What needs to be done:
Copy every entry verbatim and skip the pictures.

Supplied material:
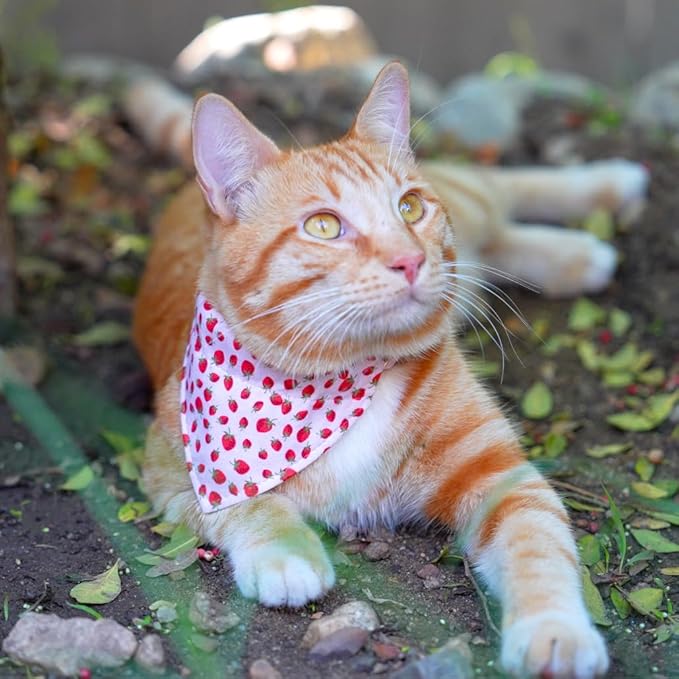 Ultra Joys Cat Collar with Bells - Breakaway, Boy & Girl, Kitten Collar - Strawberry Large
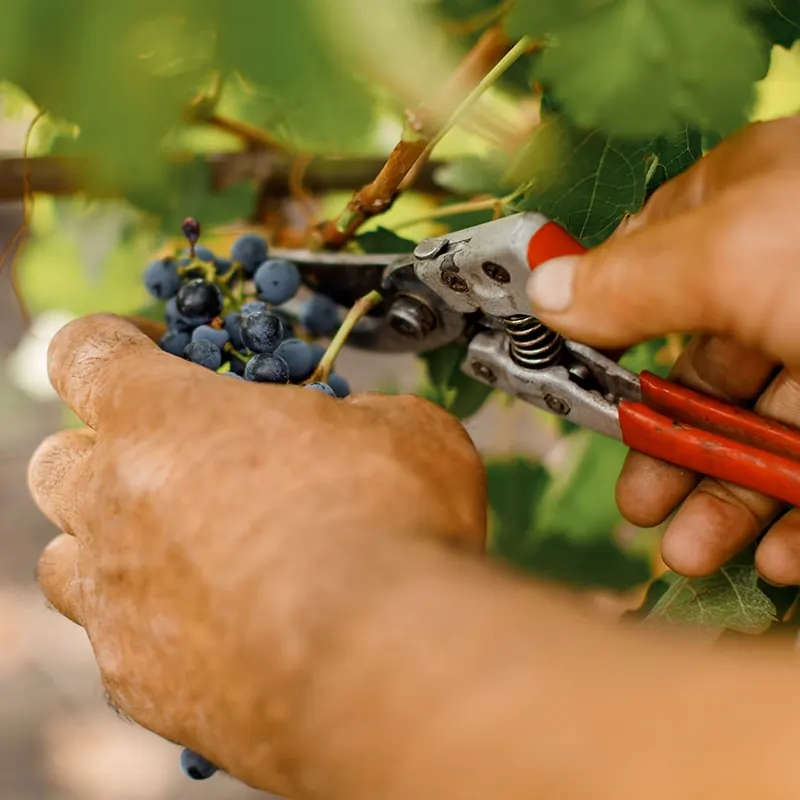Hands cutting a bunch of black grapes at harvest at Maurt, the producer behind Bacio di Bolle
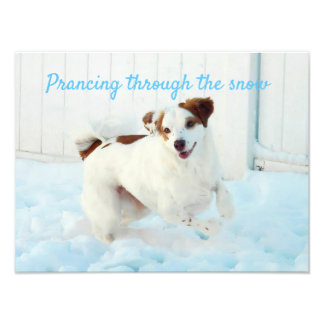 Prancing Through The Snow Photo Enlargement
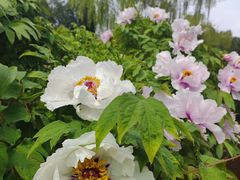 -洛阳郁金香牡丹园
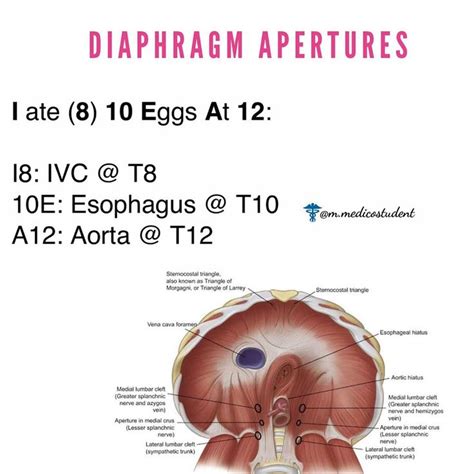 The Diaphragmatic Apertures Are A Collection Of Apertures That Allow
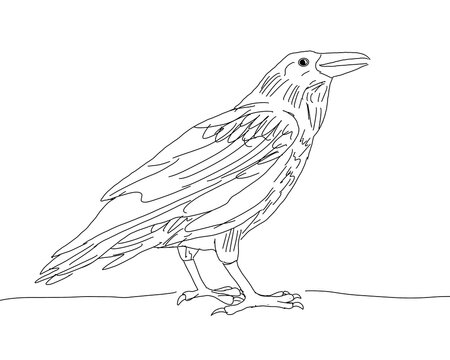 raven line drawing sketch on white background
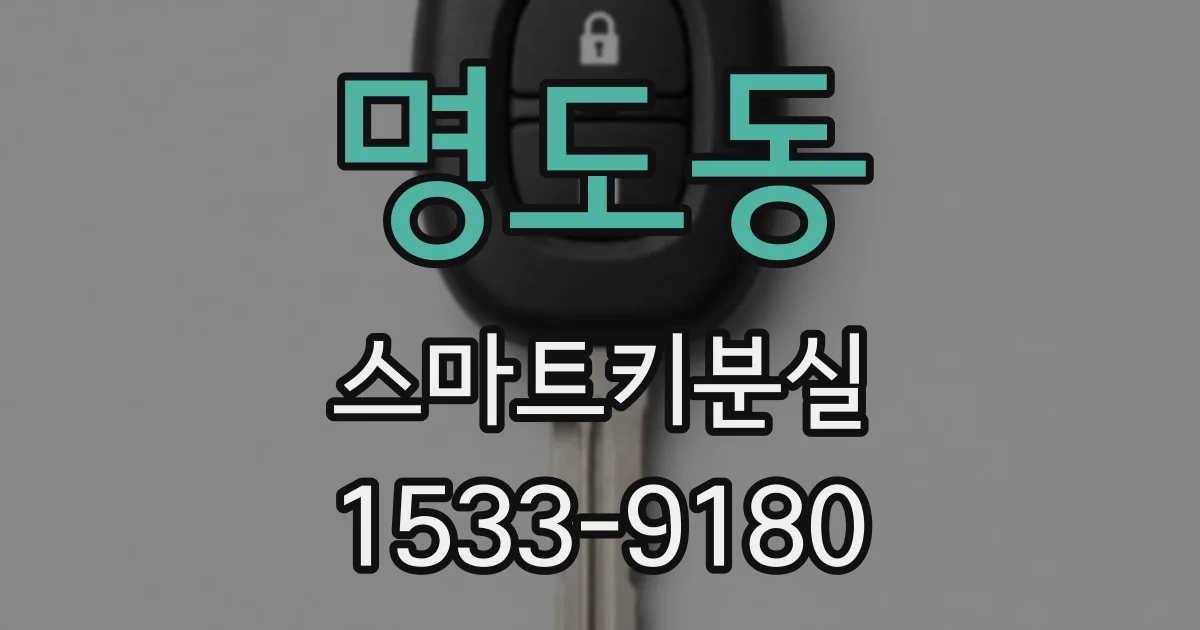 명도동 스마트키분실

Output:
 Ultra Joys Cat Collar with Bells - Breakaway, Boy & Girl, Kitten Collar - Strawberry Large
Hands cutting a bunch of black grapes at harvest at Maurt, the producer behind Bacio di Bolle
 Prancing Through The Snow Photo Enlargement
 -洛阳郁金香牡丹园
 The Diaphragmatic Apertures Are A Collection Of Apertures That Allow
 raven line drawing sketch on white background
 명도동 스마트키분실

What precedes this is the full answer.